#### Answer

$x=\left\{ -4,2 \right\}$

#### Work Step by Step

$\bf{\text{Solution Outline:}}$
To solve the given eqution, $
x^2+2x=8
,$ express the equation in the form $ax^2+bx+c=0.$ Then express the equation in factored form. Next step is to equate each factor to zero (Zero Product Property).
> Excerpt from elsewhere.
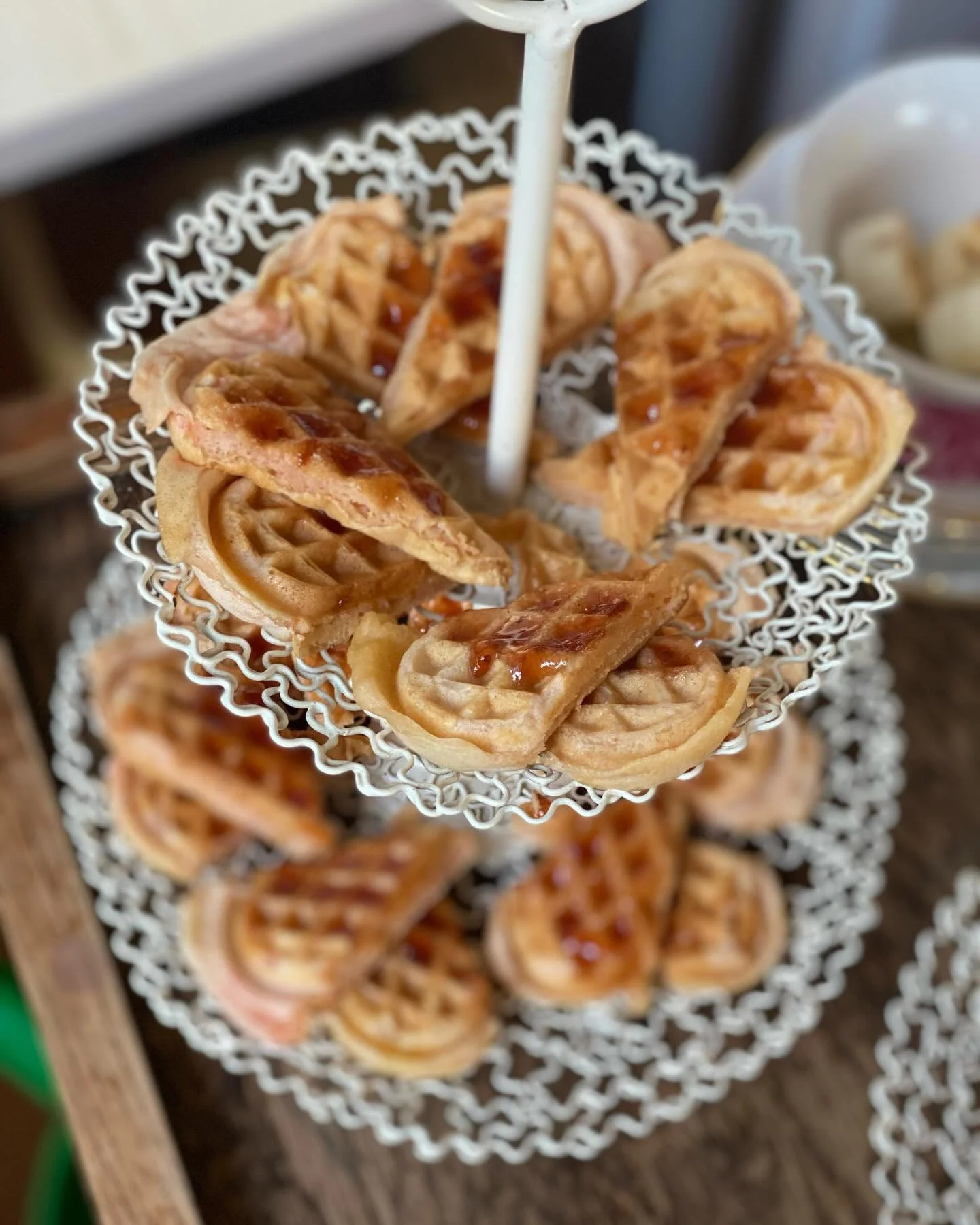 Two-tiered metal serving stand with mini waffles topped with syrup, on a rustic wooden table.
Finally, solve each equation.
$\bf{\text{Solution Details:}}$
Using the properties of equality, the equation above is equivalent to
\begin{array}{l}\require{cancel}
x^2+2x-8=0
.\end{array}
In the trinomial expression above, the value of $c$ is $
-8
$ and the value of $b$ is $
2
.$
The possible pairs of integers whose product is $c$ are
\begin{array}{l}\require{cancel}
\{ 1,-8 \}, \{ 2,-4 \},
\\
\{ -1,8 \}, \{ -2,4 \}
.\end{array}
Among these pairs, the one that gives a sum of $b$ is $\{
-2,4
\}.$
Hence, the factored form of the expression above is
\begin{array}{l}\require{cancel}
(x-2)(x+4)=0
.\end{array}
Equating each factor to zero (Zero Product Property), the solutions to the equation above are
\begin{array}{l}\require{cancel}
x-2=0
\\\\\text{OR}\\\\
x+4=0
.\end{array}
Solving each equation results to
\begin{array}{l}\require{cancel}
x-2=0
\\\\
x=2
\\\\\text{OR}\\\\
x+4=0
\\\\
x=-4
.\end{array}
Hence, $
x=\left\{ -4,2 \right\}
.$